Economy Watch: More Purchase Mortgages Than Refi, First Time in Years

The Mortgage Bankers Association reports the rate of U.S. mortgage applications each week, and it goes up and down according to the vagaries of the economy and interest rates.

By Dees Stribling, Contributing Editor

The Mortgage Bankers Association reports the rate of U.S. mortgage applications each week, and it goes up and down according to the vagaries of the economy and interest rates. Still, the MBA reported a milestone in its report on Wednesday, which covers the week ending May 2. Namely, the refinance share of mortgage activity decreased to 49 percent of total applications from 50 percent the previous week, marking it the first time in five years that there were more mortgages applications for home purchases than refinance.

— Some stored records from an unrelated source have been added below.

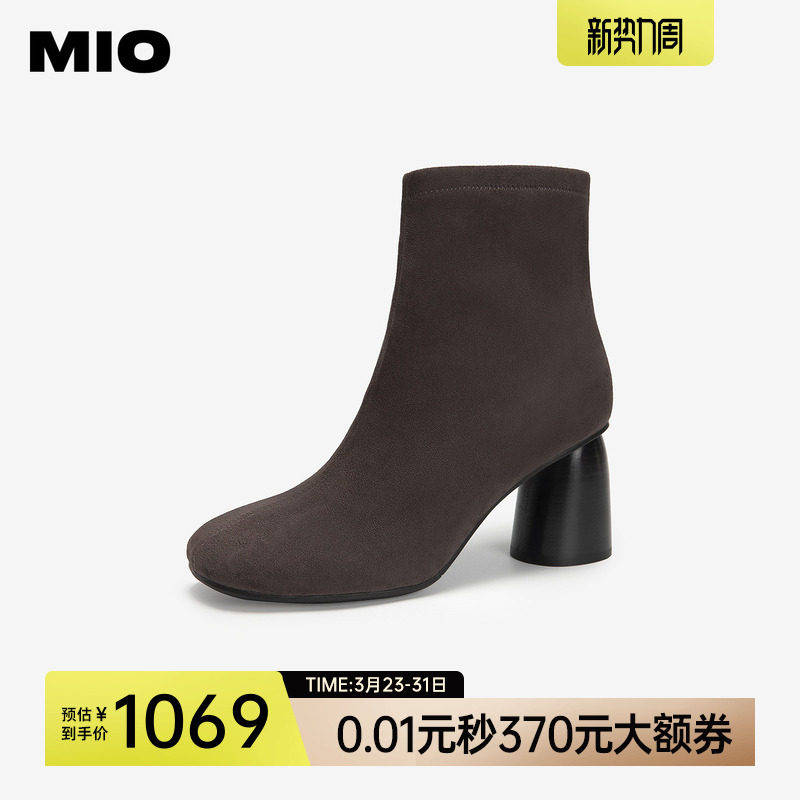 MIO米奥高跟时装靴2025冬季新款圆头简约百搭瘦瘦靴短筒粗跟女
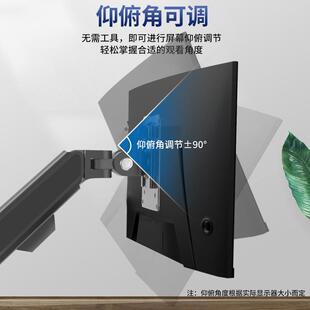 三节加长拉伸79㎝倒挂书柜显示器支架俯仰旋转升降床边架万向通用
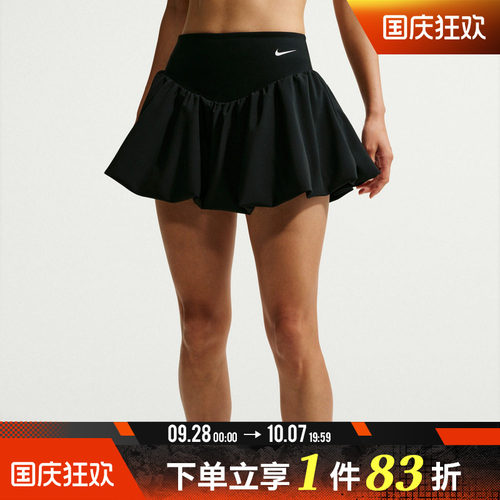 NIKE耐克女子AS ONE DF BBLE SKRT 2N1运动休闲半身裙IU1418-010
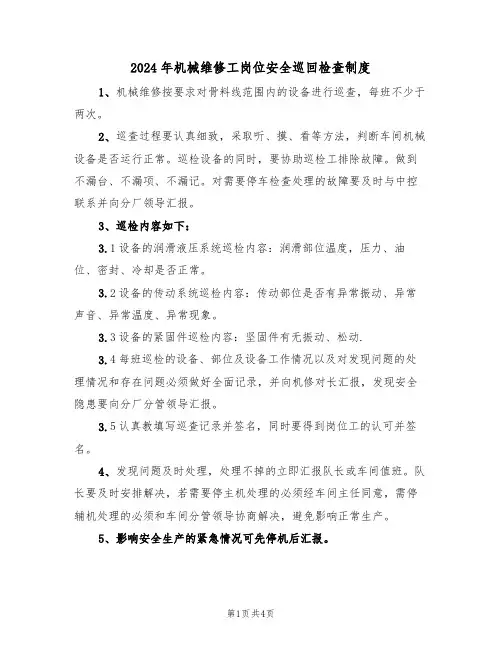2024年机械维修工岗位安全巡回检查制度(二篇)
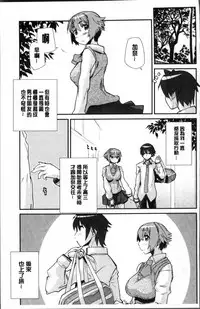 [Tomoe Tenbu] Gakkou no Kousoku [Chinese]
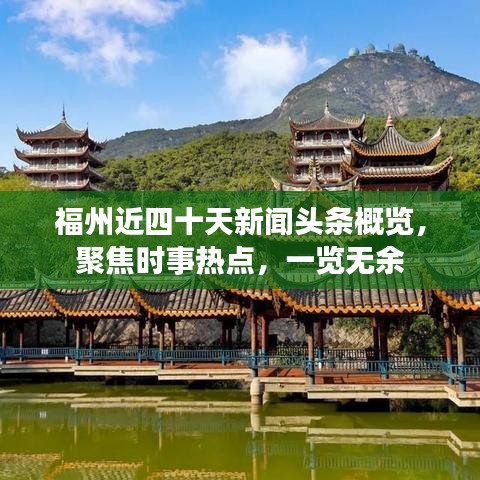 福州近四十天新闻头条概览，聚焦时事热点，一览无余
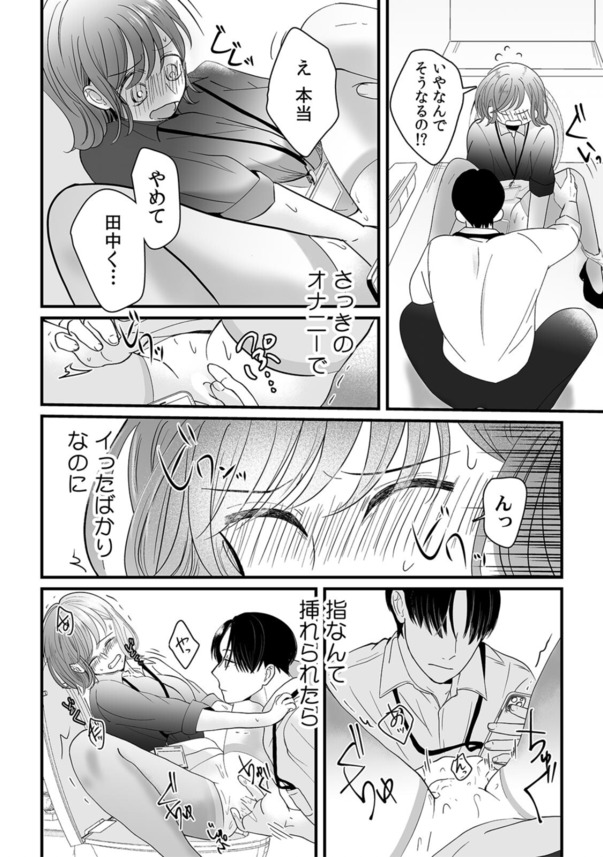 【エロ漫画】「この状況で気持ちいいの？ 変態じゃん」性欲が強すぎるOLさんが会社内でオナニーしまくって…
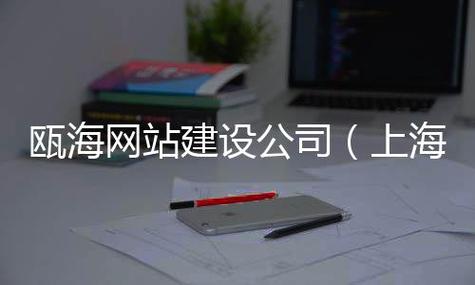 瓯海网站建设公司(上海旅游产品小程序开发)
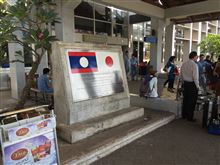 ２回目の社員旅行
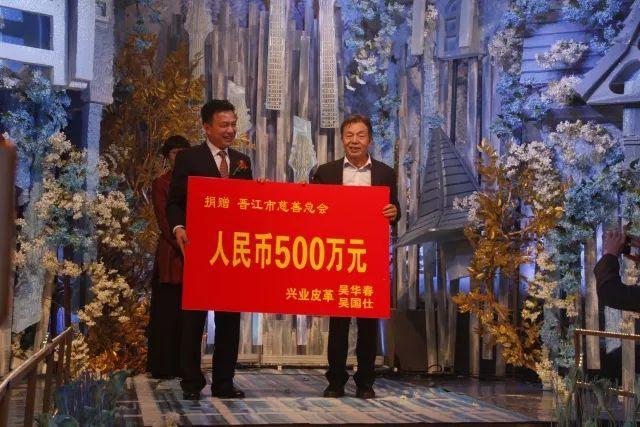 爱子大婚，兴业皮革老板吴华春捐款500万元！-兴业皮革吴华春持多少股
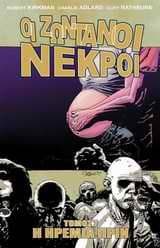 Cover of The Walking Dead Volume 7 The Calm Before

“It is official: we are in a majority purchase market for the first time since 2009,” Mike Fratantoni, MBA chief economist, notes. “A sizeable increase in purchase applications last week likely reflected the impact of somewhat lower mortgage rates as well as continued growth in the job market, as confirmed by Friday’s employment report from the BLS. Despite the strong increase in the purchase market last week, volume continues to run 16 percent behind last year’s pace.”

The average contract interest rate for 30-year fixed-rate mortgages with conforming loan balances ($417,000 or less) decreased to 4.43 percent, the lowest rate since November 2013, according to the MBA, with points decreasing to 0.21 from 0.38 (including the origination fee) for 80 percent LTV loans. The week before, the rate was 4.49 percent.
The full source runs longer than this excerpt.